5. Should I update my resume when applying for an internal position?

My boss is leaving a smallish (20-30 people) organization. I plan on applying for her position, which isn’t a secret. The person doing the hiring is familiar with me and my work, but doesn’t know all that I have accomplished since I have joined the organization (about a year ago).

So when I apply internally, do I update my resume to show the year I have worked for my current company? Or do I just show everywhere else I have worked previously?

Yes, update your resume. Treat it just like you’d treat applying for an external position, just less formal.

6. Why wasn’t I notified about this opening when I was on leave?

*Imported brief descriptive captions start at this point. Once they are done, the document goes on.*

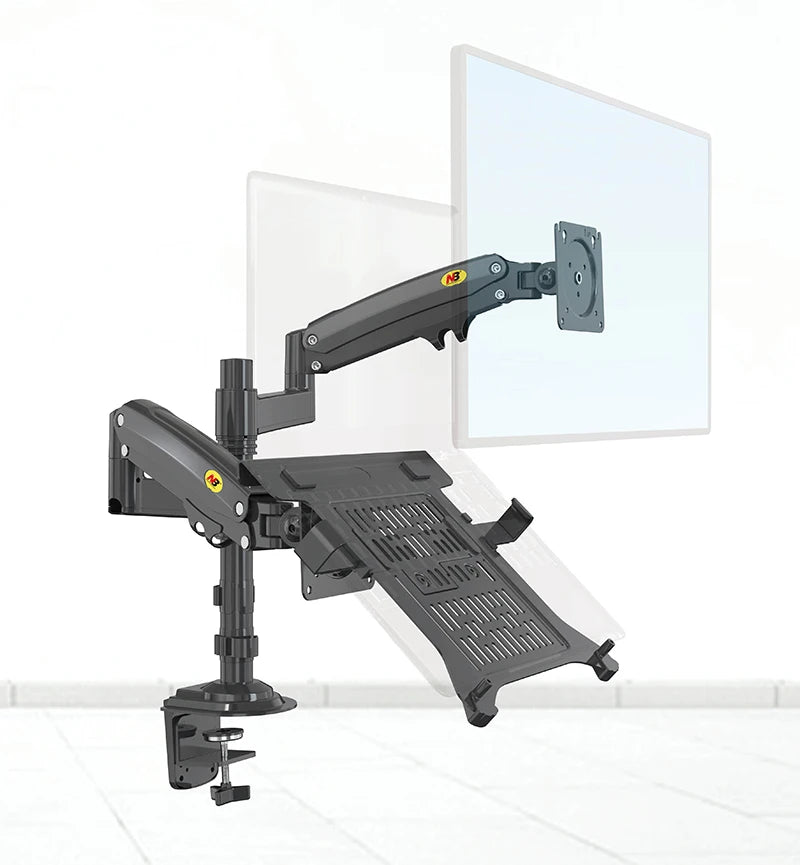Desktop NB H180-FP Gas Spring Dual Arm for 17"-27" Monitor Holder + 10"-17" Laptop Support Air Press Mount Stand Load 2-9kg
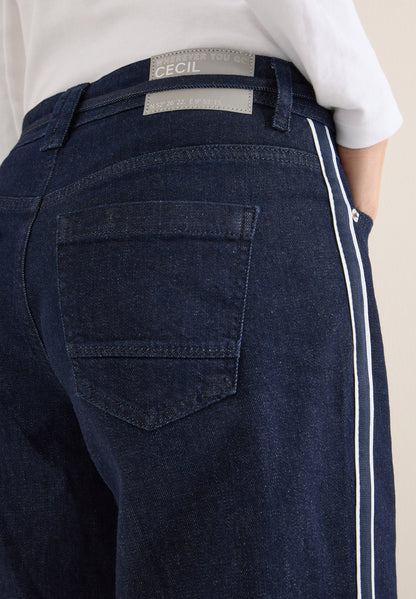 CECIL Damen Jeans Neele Loose Fit High Waist Wide Legs Tunnelzug-Bund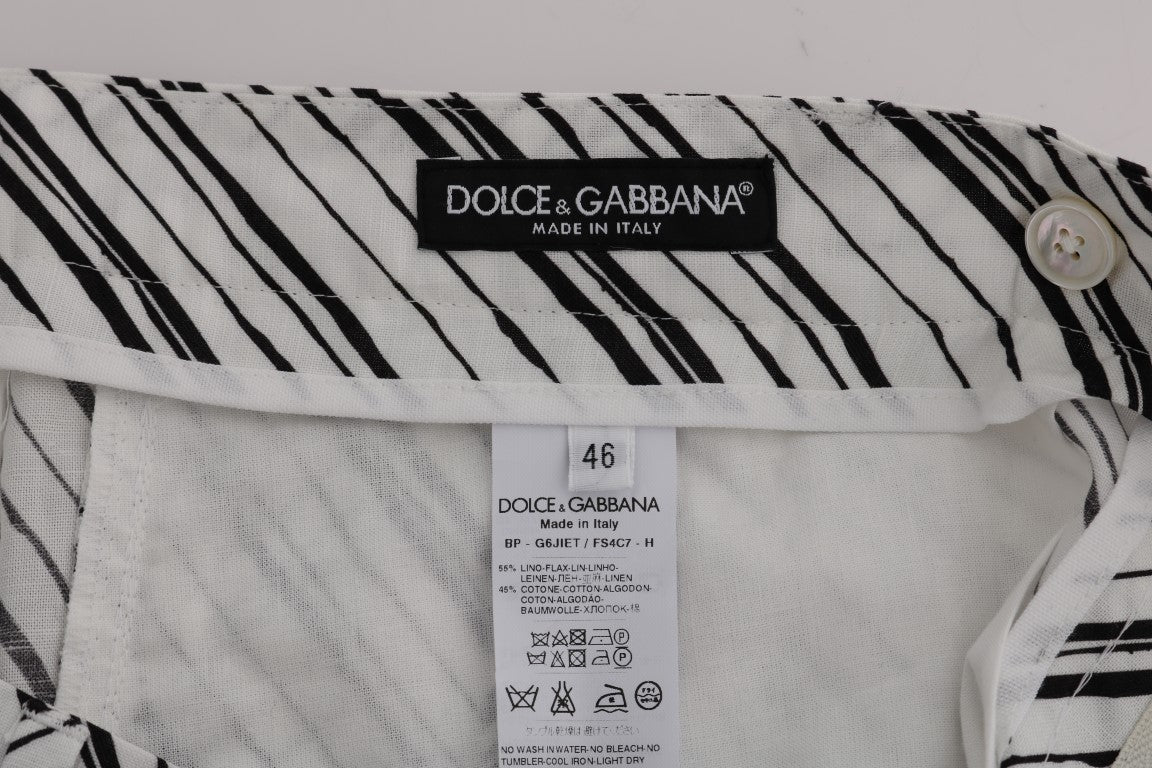 Dolce &amp; Gabbana Elegant Striped Cotton-Linen Shorts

I have been off of work for a maternity leave, followed up by a medical leave, but I will be returning in the next week. I am feeling burned by my team, coworkers at the office (aka friends), and management that I was not notified of a posting for a position that I was doing before but without the formal title. I am feeling a lot of resentment about this and do not want to be feeling this anger when I return to my workplace. My manager, who is currently on a medical leave, also shared with me that it took 2-3 workers to manage my caseload when I left. She acknowledged my level of experience as being the contributing factor for why I was able to manage the workload at the time. Why was I not notified about this posting then?

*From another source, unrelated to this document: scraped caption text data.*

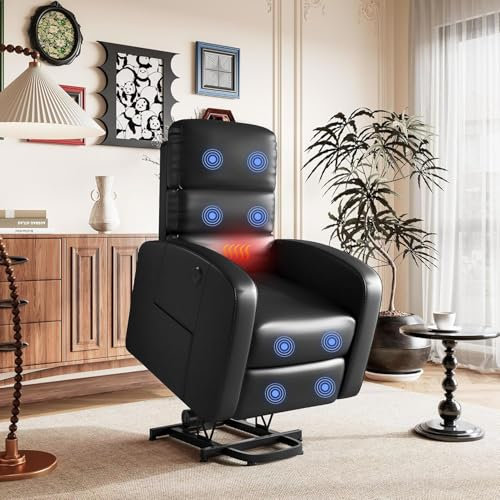 FLEXISPOT Recliner Armchair Lift Chair with Massage & Heat, Extended Footrest, USB Ports, Dual Side Pockets Reclining Chairs Lounge Sofa Black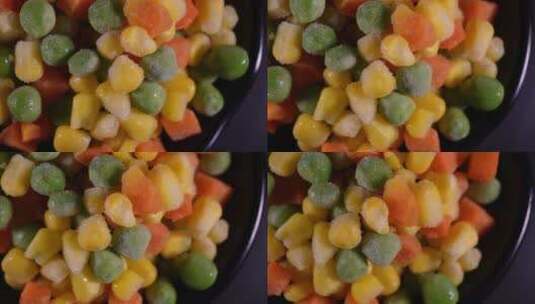 时蔬蔬菜粒豌豆玉米胡萝卜蔬菜丁高清在线视频素材下载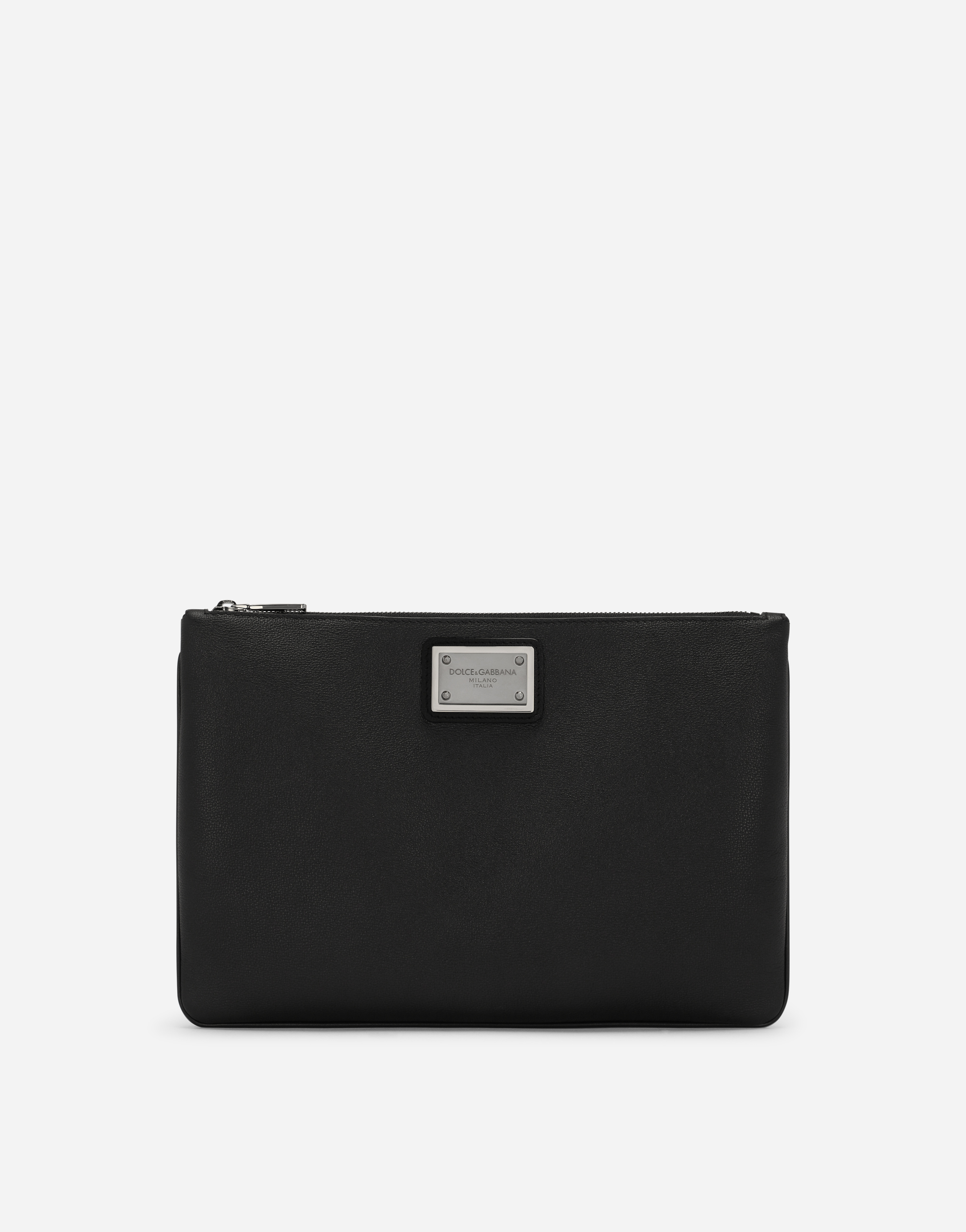 Grainy calfskin and nylon pouch in Black
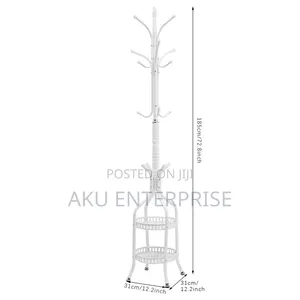 Coat Hanger Stand With Double Layer Basket Freestanding Hat Hall Tree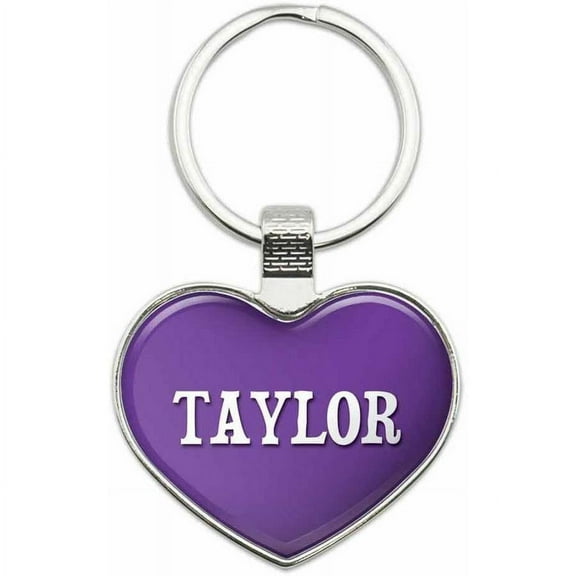 Taylor - Names Male Metal Heart Keychain Key Chain Ring, Purple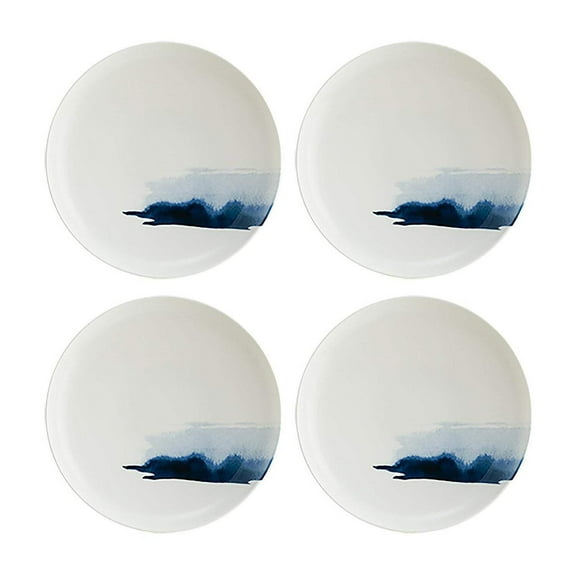 Blue Wave dia.4" h:0.75" 4 oz. Round Decorated Porcelain Bowl (Set of 4)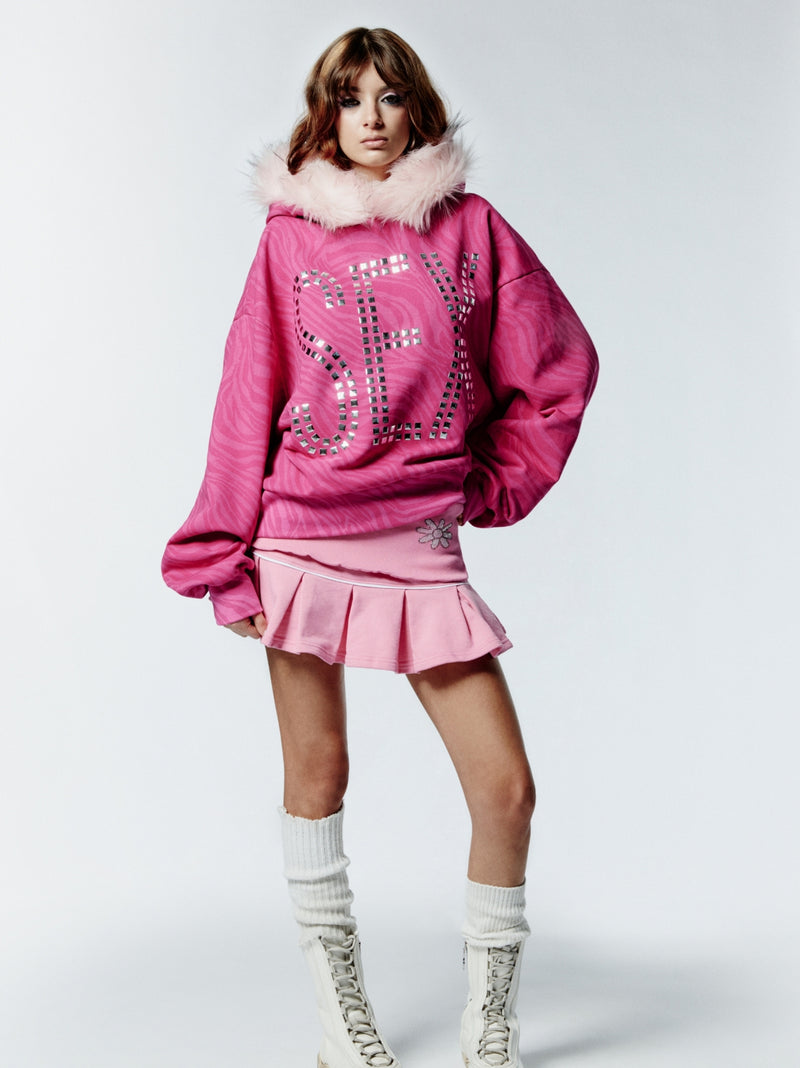 S3XY HOODIE ZEBRA PINK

Maybe because you were on leave and people are often told not to contact anyone who’s out on medical leave for anything. Or maybe because your manager is the logical person to have alerted you to the opening but she’s out on leave herself. Or who knows — it could be anything. But getting angry about it isn’t going to be particularly productive. For all you know, they’re hoping you’ll apply when you come back. Or maybe not — but regardless, express your interest in the position and ask what you’d need to do to be considered.

7. Does this mean I got the job?

I interviewed with someone for a position at a clothing retail store. The interview went really well. I was then emailed back for another interview. I attended the interview. 5 days later, the manager who interviewed me the second time sent me an email regarding what my availability is and if I was looking for part-time or full-time. Do you think that means I got the job?

The only thing that means that you got the job is a formal job offer, so no. What this means is that — at least at the time that she sent you the email — she was still considering you as a candidate.